* **Material to process**:
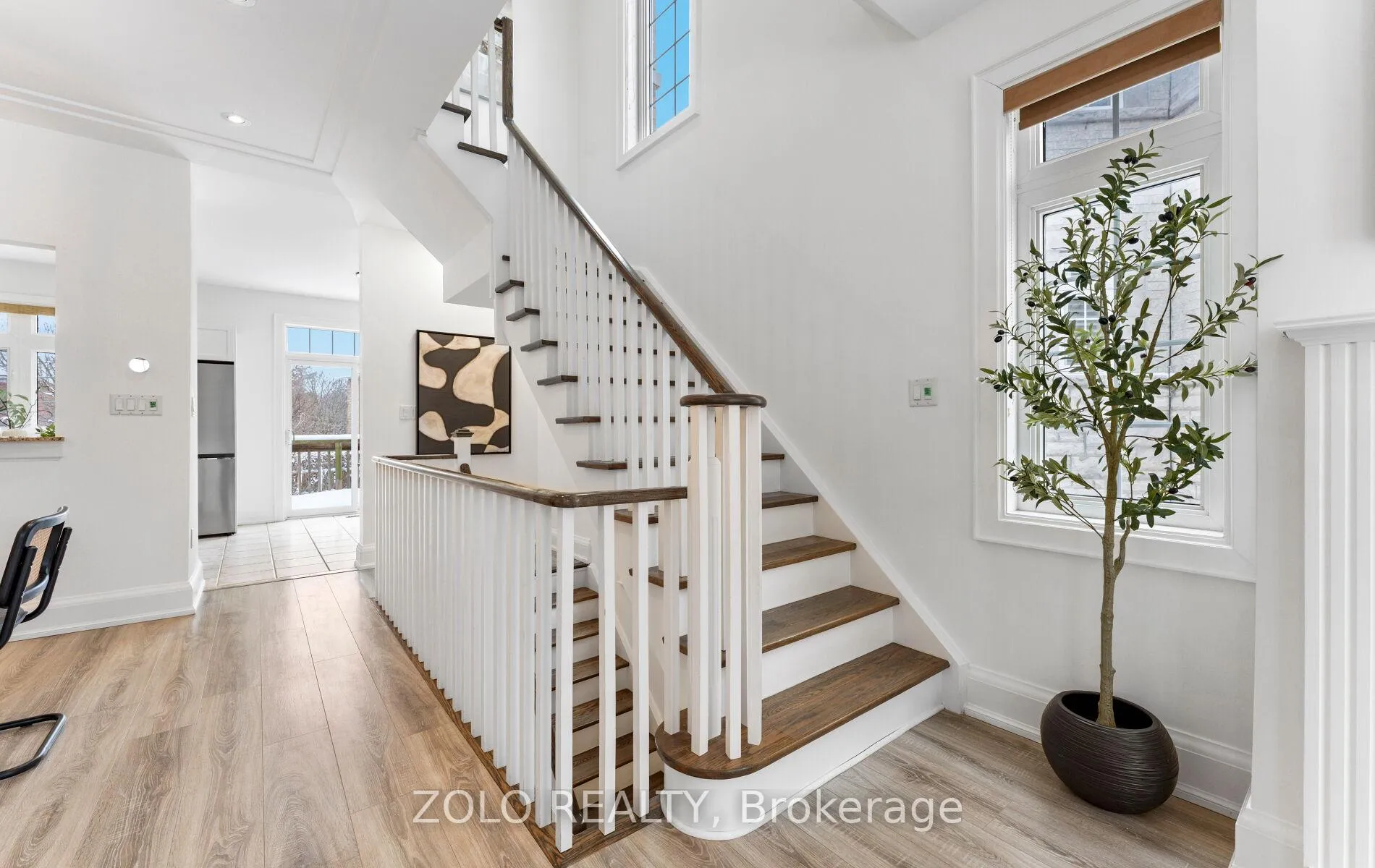 Photo 32 of 8 Burgon Place, Aurora, Aurora Village — HOMEH
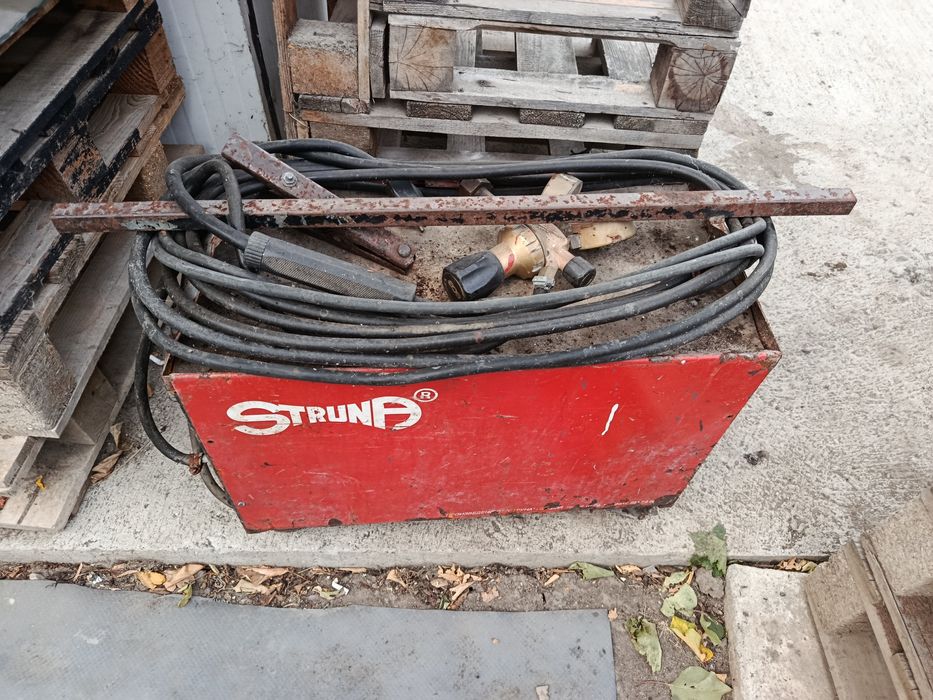 CO Телеподаващ заваръчен апарат.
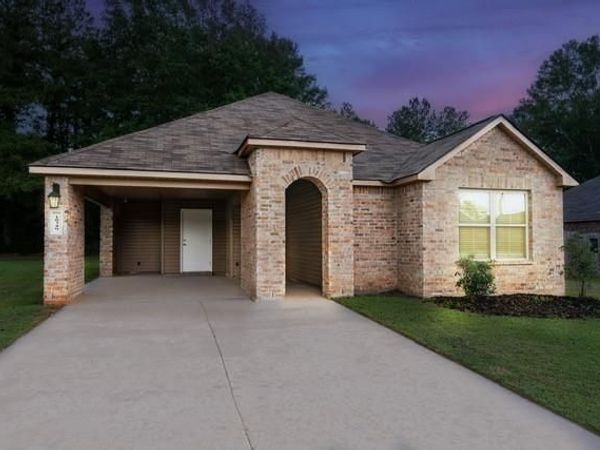 18349 FOX HOLLOW Loop, Hammond, LA 70401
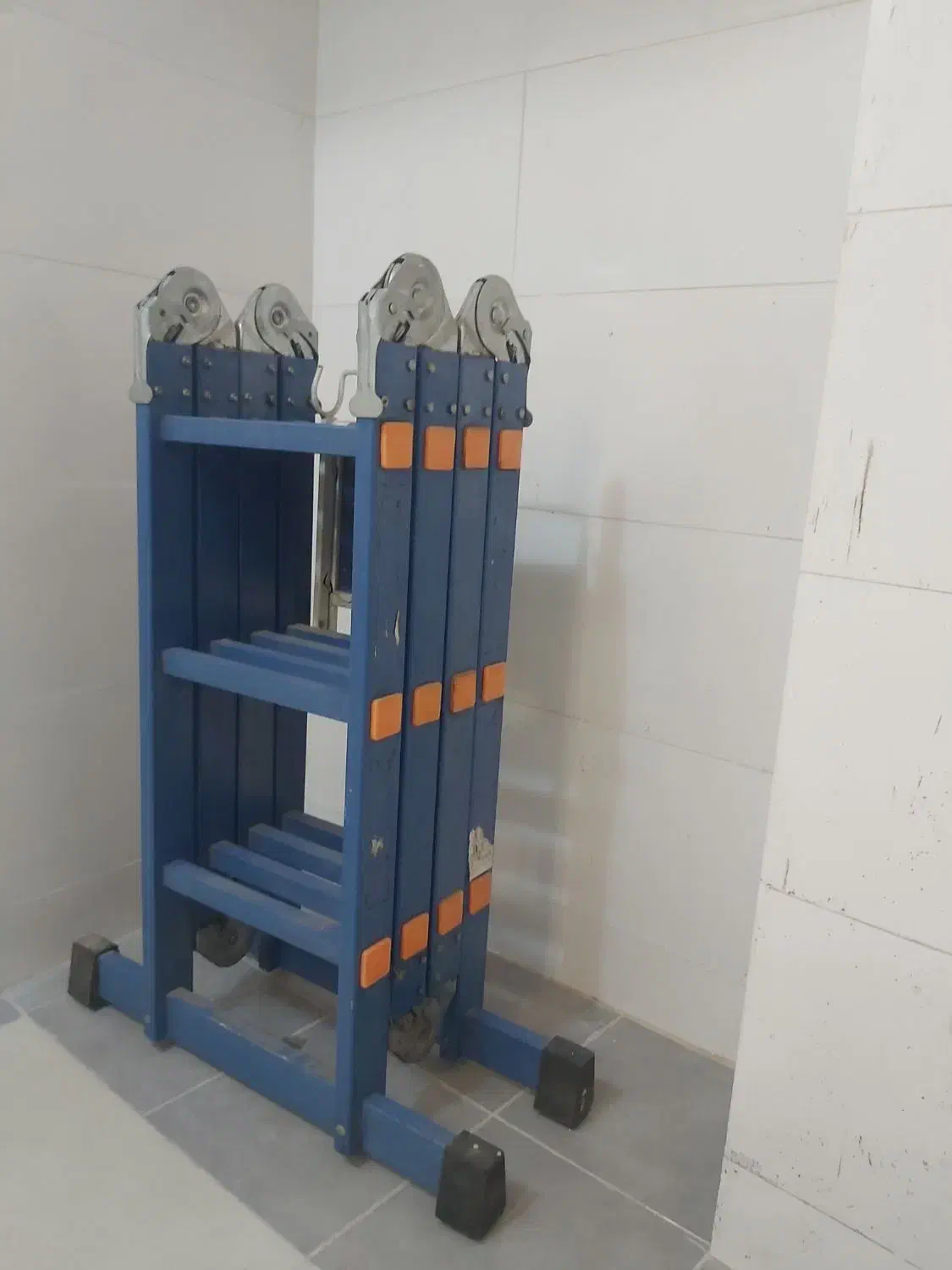 نردبان تاشو|ابزارآلات|رشت, پل تالشان|دیوار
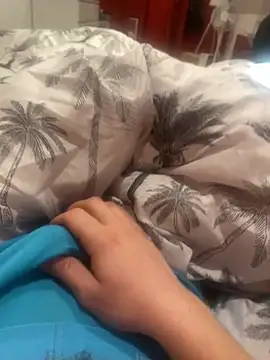 crustyyy1 online show from 03.09.26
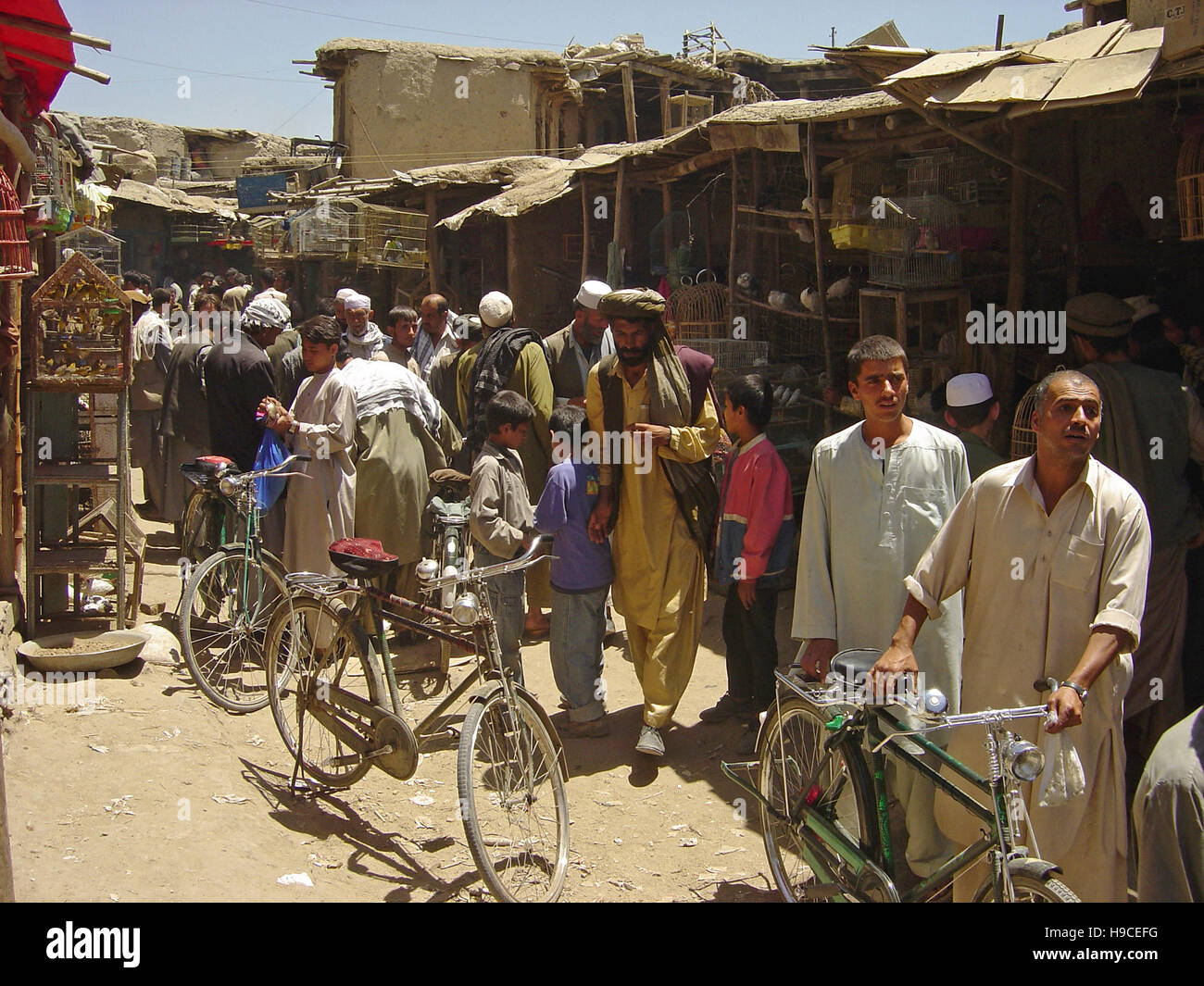 28 maggio 2004 persone tra i traballanti bancarelle del mercato degli uccelli, il Ka Farushi bazaar, a Kabul, Afghanistan. Foto Stock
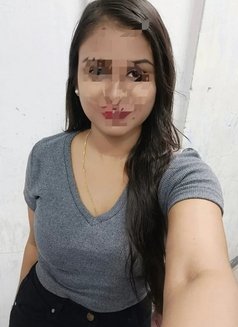 Anjali - puta in Pune Photo 1 of 2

* **How to complete this task**: Make an exact copy of only those lines that run from the line with "crustyyy1 online show from 03.09.26" through the end of the records, excluding pictures.

* **Solution**:
 crustyyy1 online show from 03.09.26
 28 maggio 2004 persone tra i traballanti bancarelle del mercato degli uccelli, il Ka Farushi bazaar, a Kabul, Afghanistan. Foto Stock
 Anjali - puta in Pune Photo 1 of 2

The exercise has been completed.